Either way, I am loving becoming a pseudo expert on childbirth and pregnancy by searching out and appreciating as much information as possible. From famous books to poorly written replies on online forums, I’m obsessed with this information. I really love the Pregnant Farmer because it is great to see how another farmer dealt with pregnancy and working in the fields under the hot sun. It’s both inspiring and comforting. It has reminded me that I can be successful at the careers I’ve chosen, have a healthy pregnancy and become a wonderful mother at the same time.

My lucky baby gets to take a walk in the clouds in utero after a day of being nourished by farm fresh goodies.

Farming and teaching seem like good compliments to motherhood, and teaching and farming happen to be what I love the most and seem to be the best at out of the career choices I’ve explored over the years.

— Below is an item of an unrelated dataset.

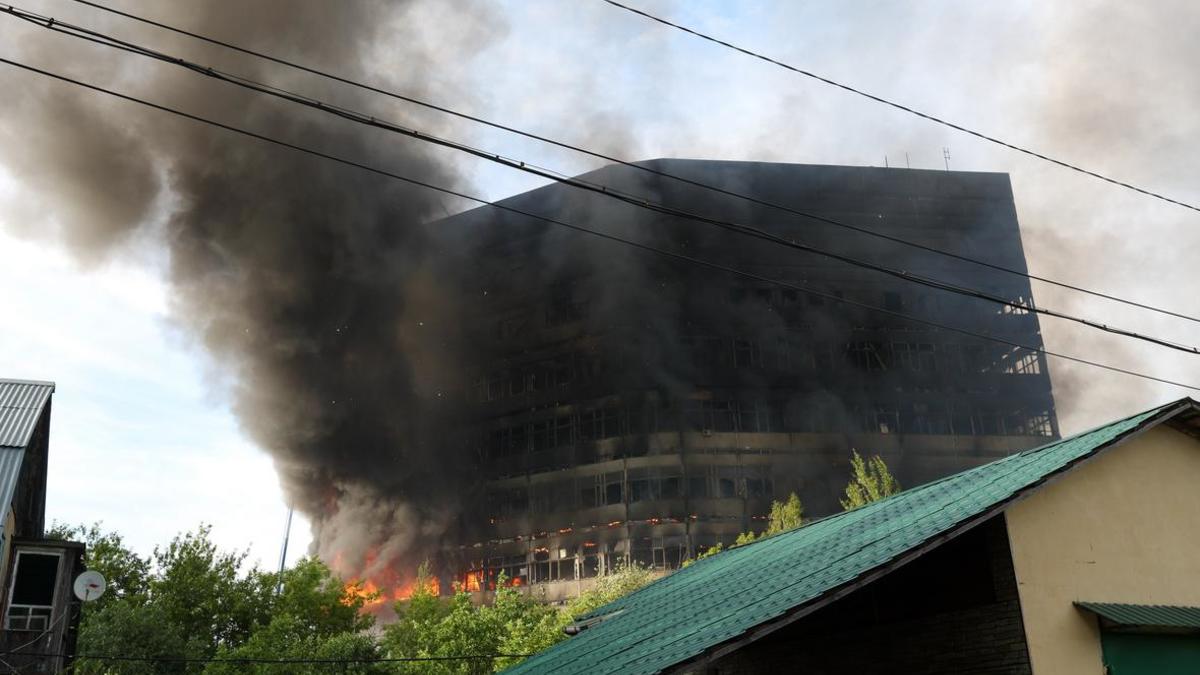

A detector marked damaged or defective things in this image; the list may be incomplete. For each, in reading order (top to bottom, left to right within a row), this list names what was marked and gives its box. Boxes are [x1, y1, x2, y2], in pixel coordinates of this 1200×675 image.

broken window [6, 550, 59, 629]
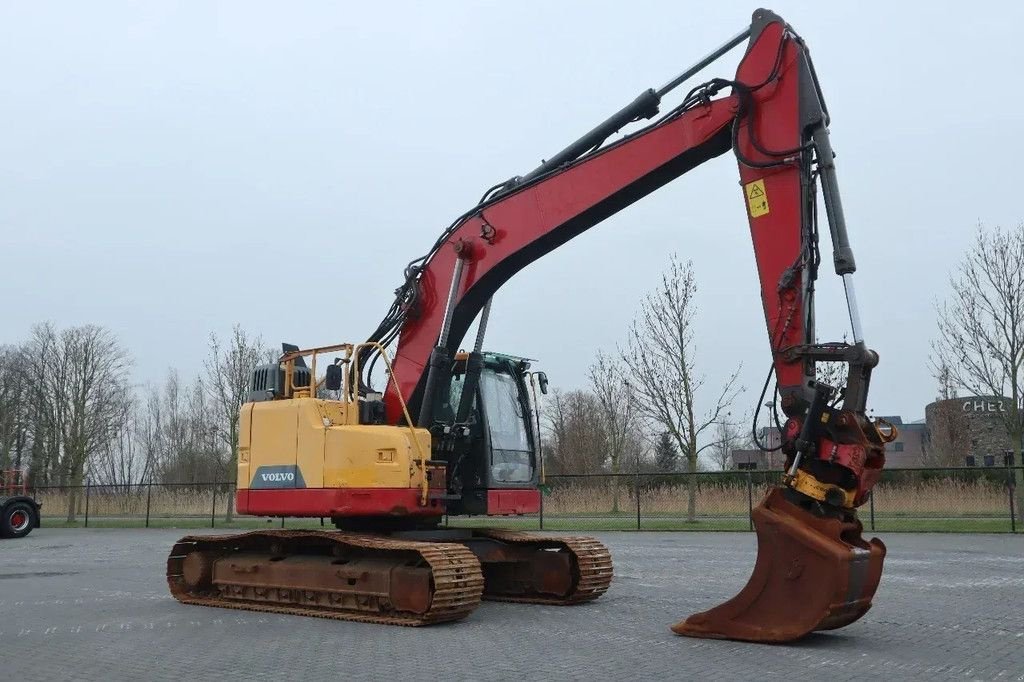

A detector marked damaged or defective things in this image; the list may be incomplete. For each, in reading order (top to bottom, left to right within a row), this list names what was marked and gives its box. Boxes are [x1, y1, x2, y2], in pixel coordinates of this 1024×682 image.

rusty bucket [675, 485, 884, 638]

To be fair, the only thing I can focus on lately is having a baby and the process of pregnancy. Everything else is taking second place to this awesome experience (at least for the time being). And for now, at least I have one delivery date that can only shift a few weeks in either direction

Until next time (when I’ll be a little rounder, and hopefully much closer to living in a yurt!),

Sending you Peace and Love,

Alex, the Rural Farmgirl

Leave a comment 0 Comments

  1. Jan says:

    Congratulations, Alex! You reminded me of a wonderful woman that I met at a farmer’s market in the small town of St. Maries, ID. I was purchasing organic beets (my recent addiction!) and we were discussing her planting sites in the area. I looked at her hands and saw the short nails, complete with the embedded soil…What I saw was strength! Her glowing face and the twinkle in her eye told all…
    Very happy for you and picturing the yurt!

  2. Sippie says:

    Congratulations! You are going to make a wonderful mom!!

  3. Eileen says:

    Congratulations!

  4. Adrienne says:

    First of all, I wish you and Evan a healthy pregnancy with no complications. Second, I hope your yurt arrives soon so you can prepare it before winter and the spring arrival of your little one. May you want for nothing. Mazel tov!

  5. Ace says:

    That so exciting Alex!! Congratulations on your pregnancy from all of us at MaryJanesFarm! :)

  6. Laura says:

    It’s good to see you never stop growing; as a person, a farmer, a woman and now a mother. Congratulations on your living in the round (squared) Lol

  7. Meredith says:

    Congratulations Alex and Evan! Wishing you all the best!

  8. Debbie says:

    Congratulations Alex! I can’t think of a better farming companion that a baby! You’ll raise him/her right from the start! Many blessings to you and Evan. Can’t wait for both of your new arrivals… the Yurt and your new baby!
    Deb ( the Beach Farmgirl )

  9. Marion says:

    Alex, this is wonderful news. I love that you are excited and fully experiencing your pregnancy. I love that even in the city you dress and act as who you are. So many women could use you as an example of what a woman is, not the air-brushed models in magazines. You are living the best life, move forward with confidence and enjoy all the happiness coming your way.

  10. ashley says:

    Thanks for the post! It’s so inspiring to have another woman in a demanding career take the plunge into motherhood. I wish you the best of luck.